I have been involved in politics all my life even as a wee lad.
I have worked on campaigns since the time I was eight when an older brother ran successfully for City Commissioner and three years later when he was elected to the State Senate.
I worked on various county campaigns and in ‘97 ran another brother’s successful campaign for City Commission as well.
That victory was sweet. Although the night before the election while I was putting up last minute yard signs, I broke my finger with a 5 pound sledgehammer.
I spent election day drugged up on painkillers and beer, but…that made the Victory Party much more fun.
As Political Director for SEIU/1199 WV/OH/KY, I helped several candidates run their campaigns for seats in the West Virginia Senate and House of Delegates.
During that time, I also helped author and successfully lobby on behalf of SEIU for a piece of Nursing Home Reform legislation in the West Virginia legislature.
I had a blast down there and partied quite a bit. I’ll never forget drinking moonshine in the Speaker’s office after the legislation passed two minutes before the yearly session was adjourned.

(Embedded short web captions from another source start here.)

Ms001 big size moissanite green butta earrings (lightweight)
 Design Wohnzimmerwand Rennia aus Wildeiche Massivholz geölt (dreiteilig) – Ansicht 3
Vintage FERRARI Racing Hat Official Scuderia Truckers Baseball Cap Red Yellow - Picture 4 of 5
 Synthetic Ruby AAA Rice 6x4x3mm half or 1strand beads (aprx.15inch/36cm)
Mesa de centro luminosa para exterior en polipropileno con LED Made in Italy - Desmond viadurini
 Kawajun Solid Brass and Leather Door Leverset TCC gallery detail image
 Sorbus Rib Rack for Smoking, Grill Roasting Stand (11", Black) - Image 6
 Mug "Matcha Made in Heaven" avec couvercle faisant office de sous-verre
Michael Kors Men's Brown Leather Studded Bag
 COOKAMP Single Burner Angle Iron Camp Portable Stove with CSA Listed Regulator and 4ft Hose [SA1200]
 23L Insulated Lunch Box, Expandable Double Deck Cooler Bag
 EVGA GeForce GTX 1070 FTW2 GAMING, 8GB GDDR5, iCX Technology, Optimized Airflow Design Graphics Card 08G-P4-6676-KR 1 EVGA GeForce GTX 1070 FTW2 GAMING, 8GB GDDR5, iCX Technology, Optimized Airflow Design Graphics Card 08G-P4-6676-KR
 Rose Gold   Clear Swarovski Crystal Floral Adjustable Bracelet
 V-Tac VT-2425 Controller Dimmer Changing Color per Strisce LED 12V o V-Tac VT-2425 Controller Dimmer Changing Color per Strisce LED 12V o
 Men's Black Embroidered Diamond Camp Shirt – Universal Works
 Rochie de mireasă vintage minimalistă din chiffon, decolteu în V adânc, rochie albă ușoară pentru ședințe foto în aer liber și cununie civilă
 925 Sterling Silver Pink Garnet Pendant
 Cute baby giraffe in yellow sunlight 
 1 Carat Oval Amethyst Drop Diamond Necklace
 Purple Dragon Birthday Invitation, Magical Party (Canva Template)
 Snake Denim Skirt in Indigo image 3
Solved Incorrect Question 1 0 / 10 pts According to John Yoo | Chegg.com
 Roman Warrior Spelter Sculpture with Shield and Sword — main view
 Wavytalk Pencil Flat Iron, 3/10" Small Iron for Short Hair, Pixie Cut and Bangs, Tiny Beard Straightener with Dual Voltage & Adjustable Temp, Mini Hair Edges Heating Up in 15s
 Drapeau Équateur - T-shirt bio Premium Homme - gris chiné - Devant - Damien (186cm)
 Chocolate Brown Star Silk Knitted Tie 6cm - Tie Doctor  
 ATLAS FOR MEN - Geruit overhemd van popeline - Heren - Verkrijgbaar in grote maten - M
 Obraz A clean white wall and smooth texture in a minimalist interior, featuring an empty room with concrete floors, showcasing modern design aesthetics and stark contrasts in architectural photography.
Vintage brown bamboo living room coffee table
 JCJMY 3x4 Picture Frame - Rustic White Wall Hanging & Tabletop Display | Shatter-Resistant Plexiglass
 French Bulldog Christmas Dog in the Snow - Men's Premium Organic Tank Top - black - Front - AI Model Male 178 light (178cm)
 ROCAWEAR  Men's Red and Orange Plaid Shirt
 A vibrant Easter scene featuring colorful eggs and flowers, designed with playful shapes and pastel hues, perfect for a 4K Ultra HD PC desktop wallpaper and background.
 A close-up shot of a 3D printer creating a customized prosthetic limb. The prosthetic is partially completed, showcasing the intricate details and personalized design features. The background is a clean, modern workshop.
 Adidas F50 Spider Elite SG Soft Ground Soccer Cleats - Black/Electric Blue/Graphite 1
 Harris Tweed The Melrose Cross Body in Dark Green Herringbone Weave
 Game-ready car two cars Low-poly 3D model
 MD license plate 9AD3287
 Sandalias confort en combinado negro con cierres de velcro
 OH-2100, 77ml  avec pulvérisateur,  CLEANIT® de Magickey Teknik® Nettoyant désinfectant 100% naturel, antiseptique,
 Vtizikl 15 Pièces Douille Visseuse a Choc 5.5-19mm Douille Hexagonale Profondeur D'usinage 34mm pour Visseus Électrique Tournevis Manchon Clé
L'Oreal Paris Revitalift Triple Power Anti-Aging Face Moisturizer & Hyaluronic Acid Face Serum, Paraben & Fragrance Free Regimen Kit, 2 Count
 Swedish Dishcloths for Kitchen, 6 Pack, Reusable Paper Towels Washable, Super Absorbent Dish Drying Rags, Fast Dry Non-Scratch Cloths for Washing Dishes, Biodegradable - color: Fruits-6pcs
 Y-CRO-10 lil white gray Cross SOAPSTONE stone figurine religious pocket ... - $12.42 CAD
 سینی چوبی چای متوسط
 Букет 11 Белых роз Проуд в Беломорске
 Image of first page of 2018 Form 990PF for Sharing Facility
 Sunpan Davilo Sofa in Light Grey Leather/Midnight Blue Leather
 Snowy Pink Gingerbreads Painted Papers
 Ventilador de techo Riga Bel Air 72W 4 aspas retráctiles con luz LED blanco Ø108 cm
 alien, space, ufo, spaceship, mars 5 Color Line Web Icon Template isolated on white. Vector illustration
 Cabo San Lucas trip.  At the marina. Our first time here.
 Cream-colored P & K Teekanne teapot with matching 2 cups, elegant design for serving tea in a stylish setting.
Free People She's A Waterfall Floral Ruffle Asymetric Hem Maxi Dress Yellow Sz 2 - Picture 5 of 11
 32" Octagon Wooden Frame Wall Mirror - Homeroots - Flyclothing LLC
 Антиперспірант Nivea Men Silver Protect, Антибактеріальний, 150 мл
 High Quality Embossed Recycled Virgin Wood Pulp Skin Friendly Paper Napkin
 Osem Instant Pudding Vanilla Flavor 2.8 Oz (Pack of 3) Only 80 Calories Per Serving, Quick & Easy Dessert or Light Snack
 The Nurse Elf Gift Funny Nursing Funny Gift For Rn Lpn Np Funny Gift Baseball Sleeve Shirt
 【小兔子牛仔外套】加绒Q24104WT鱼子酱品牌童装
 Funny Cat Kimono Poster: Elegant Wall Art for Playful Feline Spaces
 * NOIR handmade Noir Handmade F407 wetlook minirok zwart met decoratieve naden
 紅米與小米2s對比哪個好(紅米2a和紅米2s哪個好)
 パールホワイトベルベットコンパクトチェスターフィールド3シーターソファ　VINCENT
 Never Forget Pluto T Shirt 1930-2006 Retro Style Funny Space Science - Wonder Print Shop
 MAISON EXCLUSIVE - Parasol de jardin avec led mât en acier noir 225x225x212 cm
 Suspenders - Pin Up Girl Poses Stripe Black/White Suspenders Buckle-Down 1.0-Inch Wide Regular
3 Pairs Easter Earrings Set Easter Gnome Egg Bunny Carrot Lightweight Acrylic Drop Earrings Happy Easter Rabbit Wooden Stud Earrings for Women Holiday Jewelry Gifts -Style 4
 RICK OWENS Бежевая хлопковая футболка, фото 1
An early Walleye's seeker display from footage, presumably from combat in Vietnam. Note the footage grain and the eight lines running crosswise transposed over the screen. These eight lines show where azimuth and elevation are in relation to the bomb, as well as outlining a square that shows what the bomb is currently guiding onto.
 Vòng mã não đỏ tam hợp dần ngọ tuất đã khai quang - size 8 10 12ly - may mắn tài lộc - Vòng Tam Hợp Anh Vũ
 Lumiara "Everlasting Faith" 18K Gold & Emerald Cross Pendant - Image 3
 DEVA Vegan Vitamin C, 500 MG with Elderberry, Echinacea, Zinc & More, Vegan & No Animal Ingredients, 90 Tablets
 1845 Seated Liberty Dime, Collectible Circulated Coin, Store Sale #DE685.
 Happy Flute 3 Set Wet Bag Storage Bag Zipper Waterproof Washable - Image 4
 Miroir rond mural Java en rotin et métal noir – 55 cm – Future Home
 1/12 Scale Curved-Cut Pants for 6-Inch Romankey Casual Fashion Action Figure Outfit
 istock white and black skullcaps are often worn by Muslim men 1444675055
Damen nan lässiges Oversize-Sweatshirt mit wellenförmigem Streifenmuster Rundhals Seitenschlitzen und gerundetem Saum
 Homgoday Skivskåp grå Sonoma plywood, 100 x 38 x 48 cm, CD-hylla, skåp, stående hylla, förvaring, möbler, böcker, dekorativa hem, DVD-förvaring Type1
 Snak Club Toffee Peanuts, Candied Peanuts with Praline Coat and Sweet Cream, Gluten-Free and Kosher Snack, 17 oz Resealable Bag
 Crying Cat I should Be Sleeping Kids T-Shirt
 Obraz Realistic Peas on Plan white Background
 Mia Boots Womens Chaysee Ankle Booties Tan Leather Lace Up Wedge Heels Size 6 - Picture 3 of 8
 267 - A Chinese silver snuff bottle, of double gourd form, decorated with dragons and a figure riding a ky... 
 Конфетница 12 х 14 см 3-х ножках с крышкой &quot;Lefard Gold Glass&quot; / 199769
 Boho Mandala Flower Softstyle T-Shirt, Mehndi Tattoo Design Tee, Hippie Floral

Of course, partying in the bar at the hotel I spent three months in was fun and I would toss a few back and talk to this guy during the session:
That man is a WV Delegate named Brady Paxton, and he always amused me because to me he looked like Kenny “Fucking” Rogers!!
Good Times…Good Times. Politics to me, especially the art and science of running campaigns, has always been a game. A really cool, fun game.
I guess one of the most interesting things that happened to me during a campaign occurred during the 2000 Presidential Election.
I was working for SEIU and was at our office in Columbus working our phone bank system making GOTV calls into New Mexico on behalf of Al Gore.
At about 10 PM, I and a few others along with our Prez, Dave Regan, headed to the Hyatt for the Ohio Democratic Party election night soiree.
It was fun…for awhile, but I got bored by 1 AM. I thought I would drive to my hotel and sleep while the Florida vote count got straightened out.
On my way to my car, I decided differently.
Since I was supposed to return to Bagwine in the morning, and wasn’t buzzed, I decided to drive back to Bagwine right then.
Of course…I had nowhere to stay when I got back to Bagwine, so I called my new buddy Schmoop and woke her sleeping ass up.
I asked her if I could crash at her place in about 45 minutes. Schmoop groggily said, “Yeah…sure.”
So at about 2:15 AM, I pulled into Bagwine, knocked on her apartment door, and she let me in.
The rest is history, and I have been here ever since. The moral of that story?
Al Gore invented the internets. Al Gore inspired the movie, Love Story. Al Gore won the Nobel Peace Prize.
Al Gore also couldn’t win his own fucking home state in 2000 and played a role in bringing Schmoop and I together.
I Hate Al Gore...and I'm pretty sure Schmoop does too!!
Make sure you vote today, you chuckleheads.